大人になるな

 

 

あぁ もうこんなに月日が経ってしまったね

高校時代とか中学時代の制服を着てた頃のもう戻れないって知ってることをふと ふり返るとかけがえがないことのように思える。

引き返すことができない一本の道を歩いてる。当時はそのことが分かるようで、でも近すぎて分からなかった。三月にくる「お別れ」でも、ハタチになったら成人式で会えると思っても来ない人もいてさ。ここで「バイバーイ」ってしたら次、会えるのはいつ?って。私に「会いたい」と思って連絡をとってくれる人なんていないでしょ。私は自分から「会おう」って提案しなきゃ誰からも連絡がこない魅力がない人間だ。誕生日のメールとか顕著に現れるでしょ。でも、誘ったら遊んでくれる友人もいる。だから自分の意思に従って行動しなきゃならない。更に理性の範囲で。

大人になってしまうんだね

我慢したり、笑えなかったり、あの頃を話しているなんてさあ、可笑しいね。青いジャージを着ていた姿を思い浮かべてなるほどね、なんてね。

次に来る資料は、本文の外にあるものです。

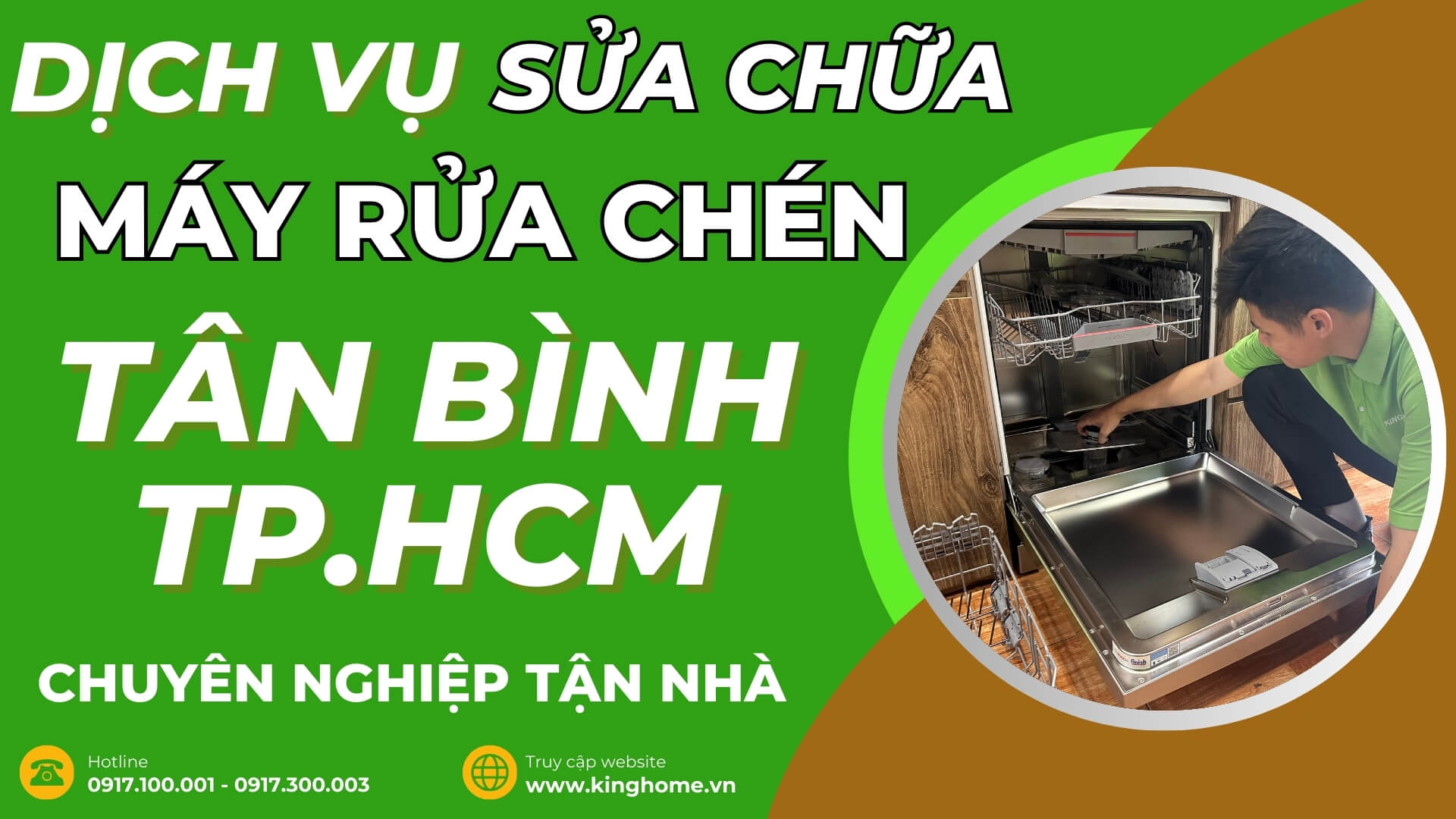 Dịch vụ sửa chữa máy rửa chén tại Quận Tân Bình TPHCM chuyên nghiệp tận nhà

三年に一度不審者に声をかけられるのもそれはだんだん「ナンパ」になって、補導される年齢も「18歳以下」だということ、年をとってもう関係ないんだけどねとは笑えなかった。「危なかった(笑)」にしとく。

ハタチ、二十歳。

「その年でそれはあれだからもう妹にあげたら?」と母の一言。20歳になって急に言われ出したことではないけど、周りの目を気にしなければならないのか。三編みしてたら意味深な目で見られる割りに髪染めたら「黒の方が若く見えるよ」とかどっち!って思う。

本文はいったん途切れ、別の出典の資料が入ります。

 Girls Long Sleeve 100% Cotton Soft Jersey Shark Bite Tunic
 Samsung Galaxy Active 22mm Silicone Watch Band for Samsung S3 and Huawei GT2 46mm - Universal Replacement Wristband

大人にならなきゃいけないのかなぁって意識変えなきゃなって思うことを伝えたら

「最初はそう思ったけどやめた。自分らしさがなくなる」

と言われた。身近な年上に。年上だと感じない年上に言われて年上だと思った。同じ時間を生きてるように思ってもやっぱり私の方が短い。簡単に嘘をつかれるし、ハッとさせられることも多い。

持っている自由を抑制するのは私だけど、自由に生きる術をなくさないように奪われないように意識して行動しなければいけないのも私だ。考え方を打ち込められてできあがるなんて嫌だ。「若い」「女」武器を振り回して一人っ子らしく今を生きるんだ。私は一人っ子。お下がりなんてもらわないし、気に入ったものも妹になんてあげない。制服を着ていた私の延長上を歩いているだけ。前を向くために後ろを振り返るんだ。1㎝も延びていないのだ。届かないときにちょっとだけ背伸びをすればそれでいい。